Short descriptive text snippets

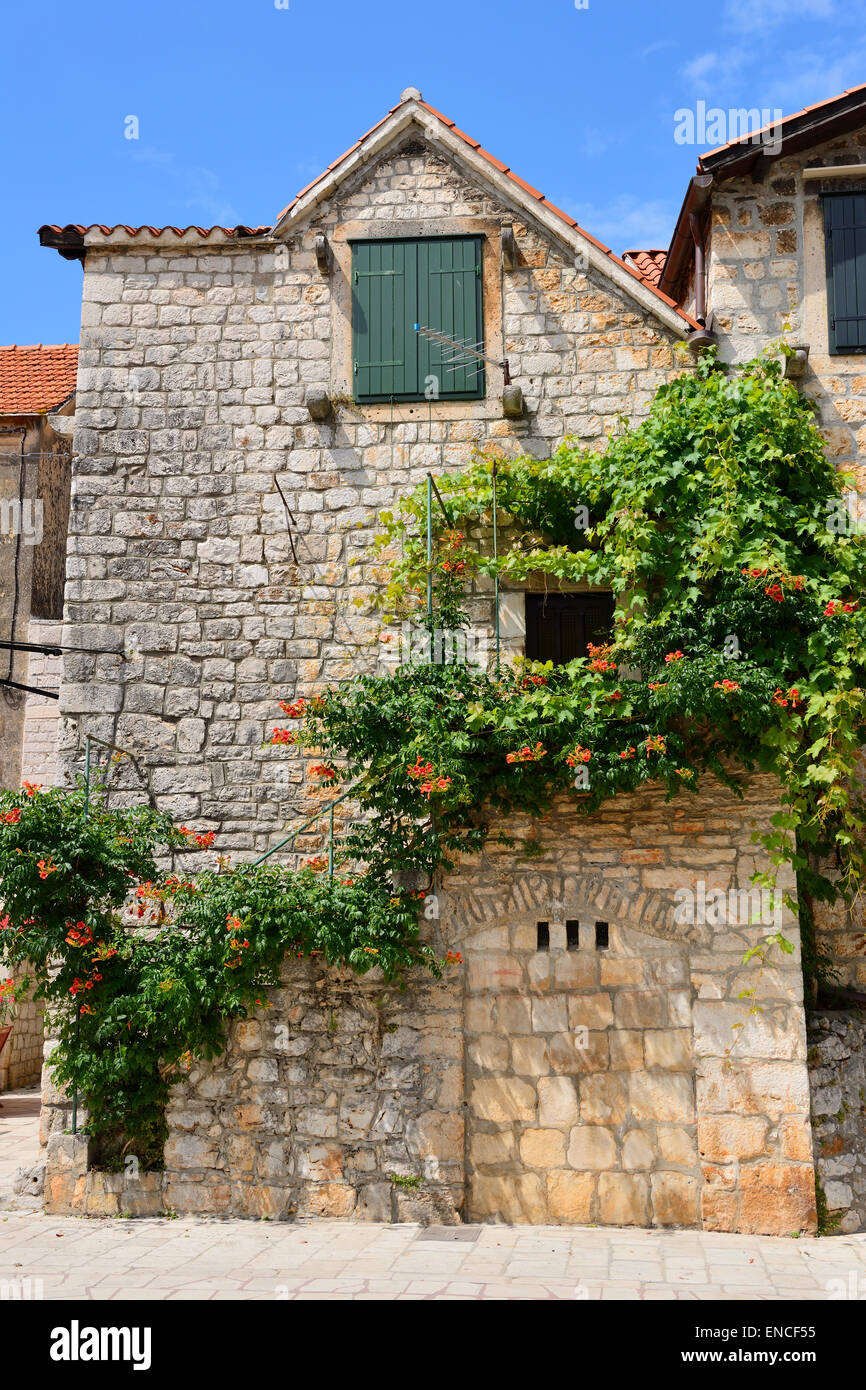 Stari Grad on Hvar Island on Dalmatian Coast of Croatia Stock Photo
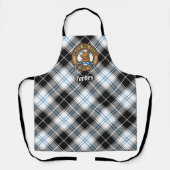 Tablier Clan Forbes Crest sur la robe Tartan (Recto)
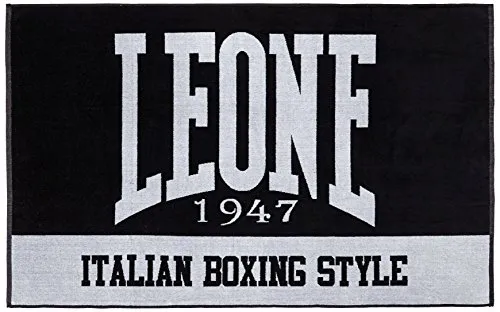 Leone 1947 AC916 telo palestra nero taglia unica cotone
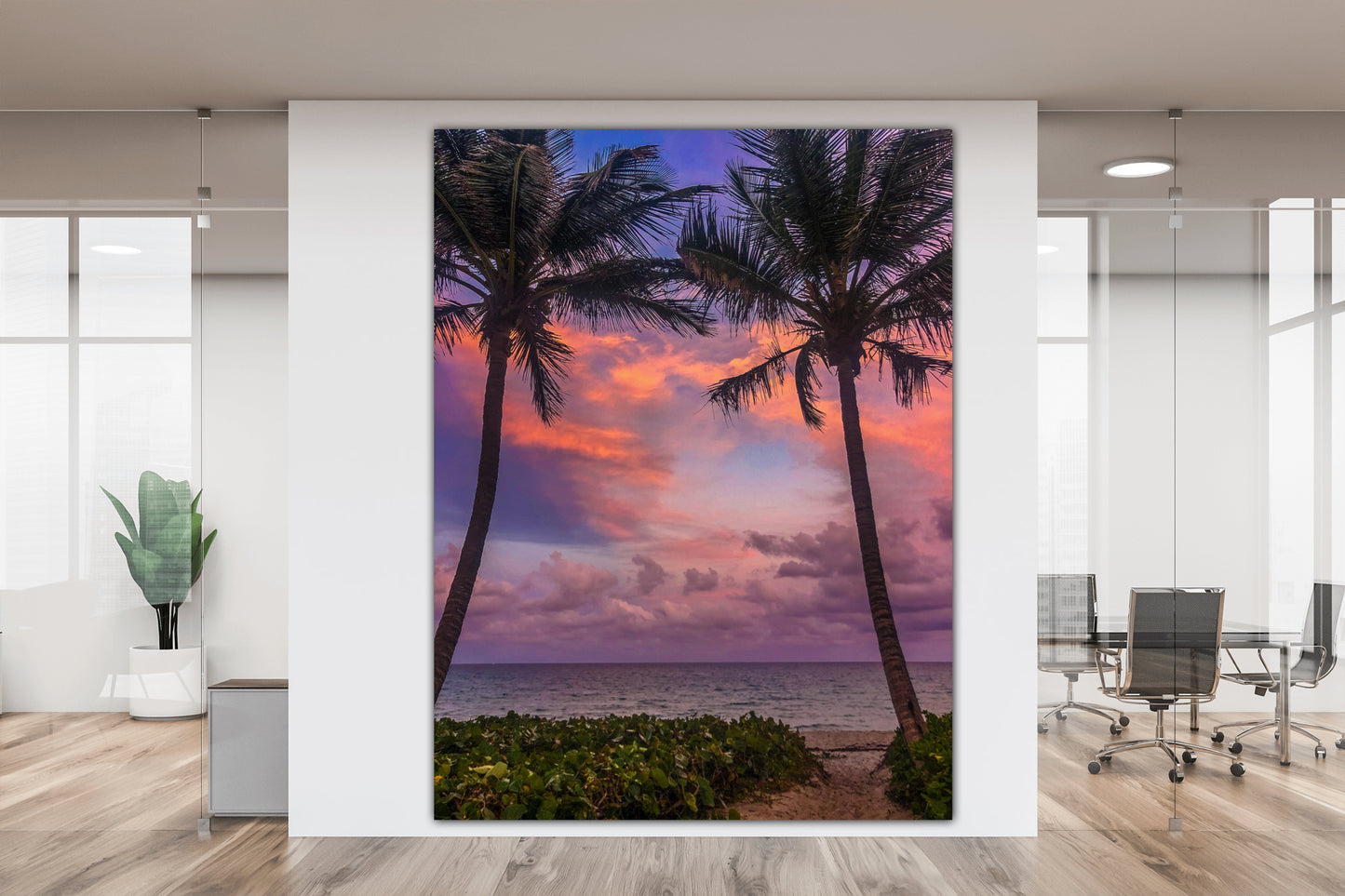 pathway to tropical art print home & office decor by jacqueline mb designs 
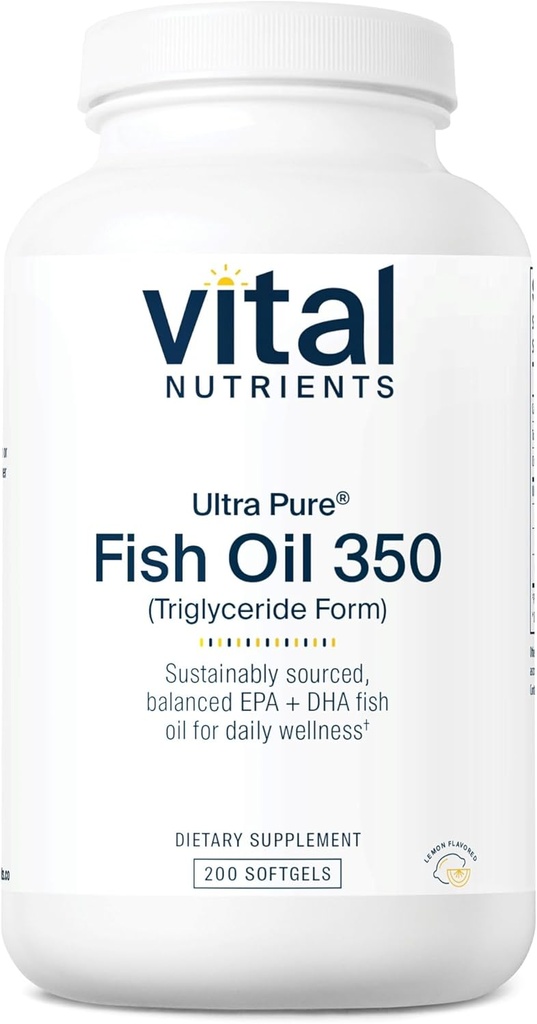 Vital Nutrients Ultra Pure® ribje olje 350 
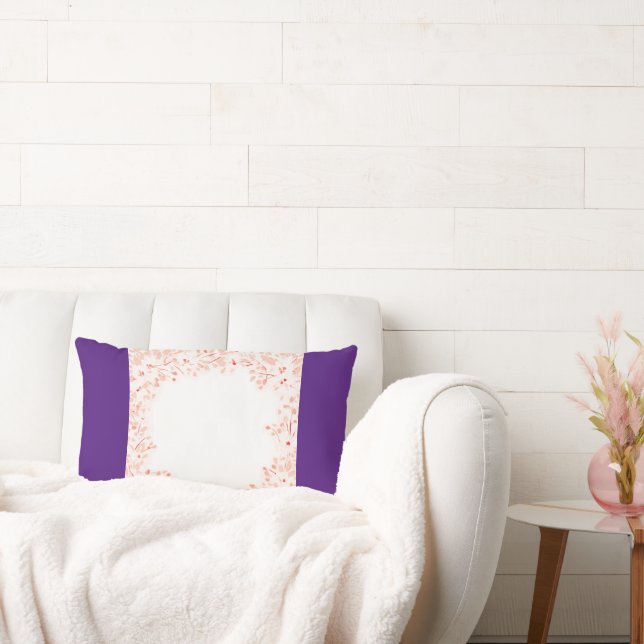 Abstract sweet pink florals cushion shape. (Couch)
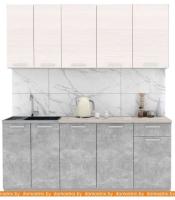 Кухня Интерлиния Мила Лайт 1.8-60 (вудлайн кремовый-бетон-бискайская сосна) картинка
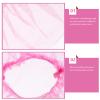 300Pcs Washbasin Bag Disposable Bowl Para Pedicure Bath Liners Supplies Kit Liners Spa Lavamanos for Hair Care - Pink view 3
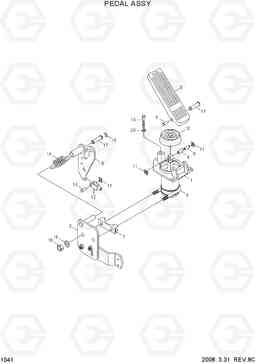 1041 PEDAL ASSY HL740-3(#0848-), Hyundai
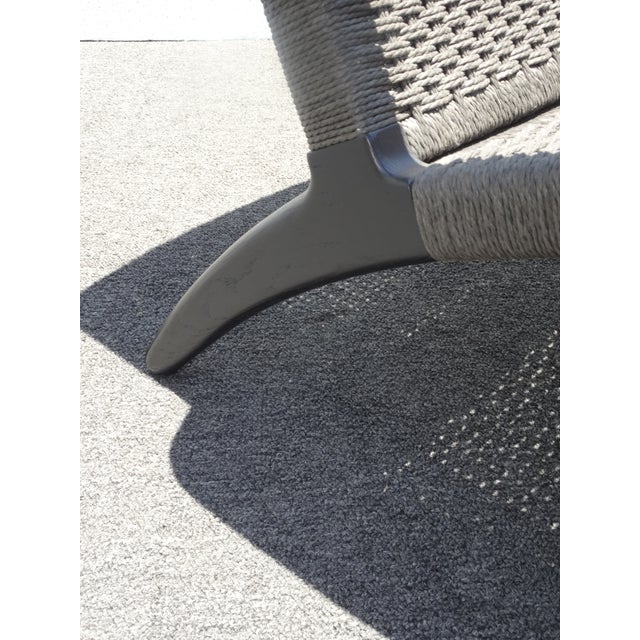 Black & Gray Woven Lounge Chair by Carl Hansen & Son Ch25 Modern For Sale - Image 13 of 15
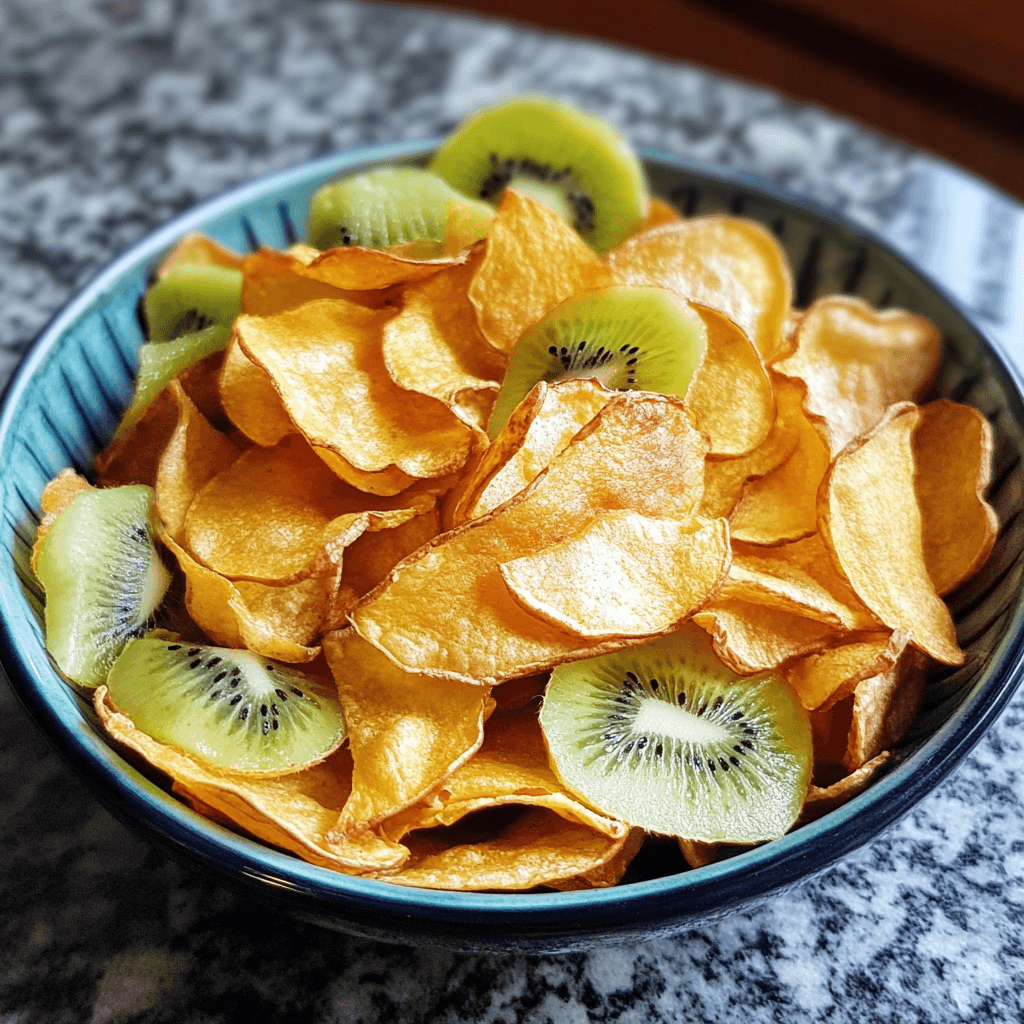 Crispy Oven-Baked Golden Kiwi Chips Recipe 1 Golden Kiwi Chips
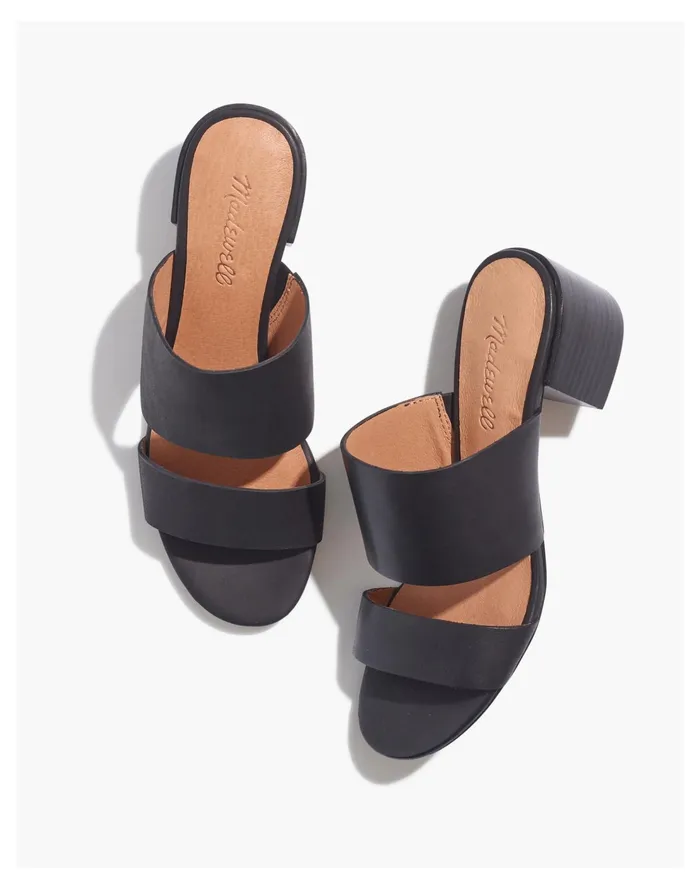 The Kiera Mule Sandal True Black Women Madewell Heels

*Exercise brief*. Would you give the data above again word for word, skipping any images?

*Answer to the exercise*.
 Stari Grad on Hvar Island on Dalmatian Coast of Croatia Stock Photo
 Tablier Clan Forbes Crest sur la robe Tartan (Recto)
 Leone 1947 AC916 telo palestra nero taglia unica cotone
 pathway to tropical art print home & office decor by jacqueline mb designs 
 Vital Nutrients Ultra Pure® ribje olje 350 
 Abstract sweet pink florals cushion shape. (Couch)
 Кухня Интерлиния Мила Лайт 1.8-60 (вудлайн кремовый-бетон-бискайская сосна) картинка
 300Pcs Washbasin Bag Disposable Bowl Para Pedicure Bath Liners Supplies Kit Liners Spa Lavamanos for Hair Care - Pink view 3
 1041 PEDAL ASSY HL740-3(#0848-), Hyundai
 Black & Gray Woven Lounge Chair by Carl Hansen & Son Ch25 Modern For Sale - Image 13 of 15
 Crispy Oven-Baked Golden Kiwi Chips Recipe 1 Golden Kiwi Chips
 The Kiera Mule Sandal True Black Women Madewell Heels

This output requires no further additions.